Directions:
Omitting the pictures, print every line below exactly as it stands.

--- Data block Enclosed Below ---

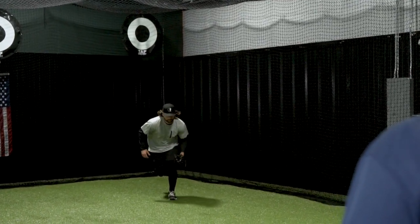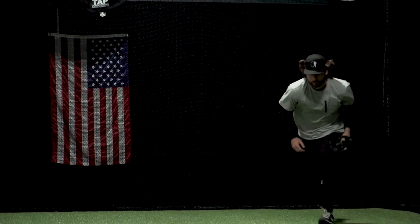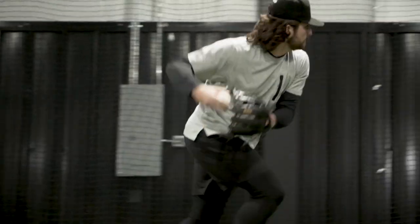The first part of that drill, he starts with the ball in his glove, he gets his footwork, gets his timing, and makes an accurate throw. Now, we're going to go with the live ball.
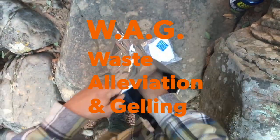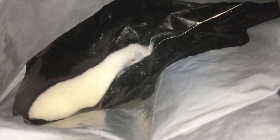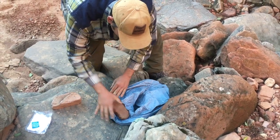Start by opening the double bag system. They generally come with just enough TP to get your fingers dirty, so pack some extra. These magic crystals inside gel your waste and render it inert. You might need to make yourself a throne with rocks or logs for comfort and to anchor the bag. Now squat and get her done.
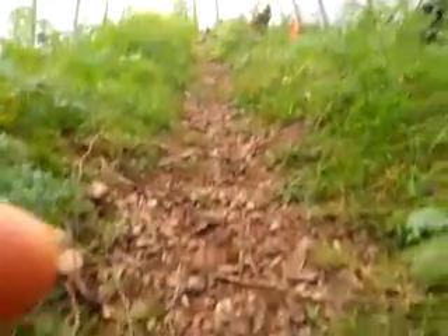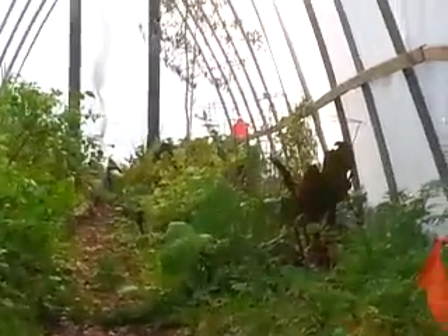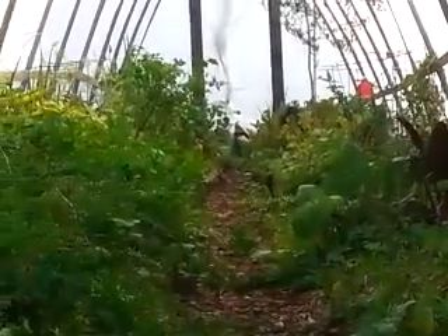Let's see if I can get you a shot inside. I've got my olive tree in there, my peppers off to the left — that's about it.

--- End of Enclosed Data block ---

Answer space:
The first part of that drill, he starts with the ball in his glove, he gets his footwork, gets his timing, and makes an accurate throw. Now, we're going to go with the live ball.
Start by opening the double bag system. They generally come with just enough TP to get your fingers dirty, so pack some extra. These magic crystals inside gel your waste and render it inert. You might need to make yourself a throne with rocks or logs for comfort and to anchor the bag. Now squat and get her done.
Let's see if I can get you a shot inside. I've got my olive tree in there, my peppers off to the left — that's about it.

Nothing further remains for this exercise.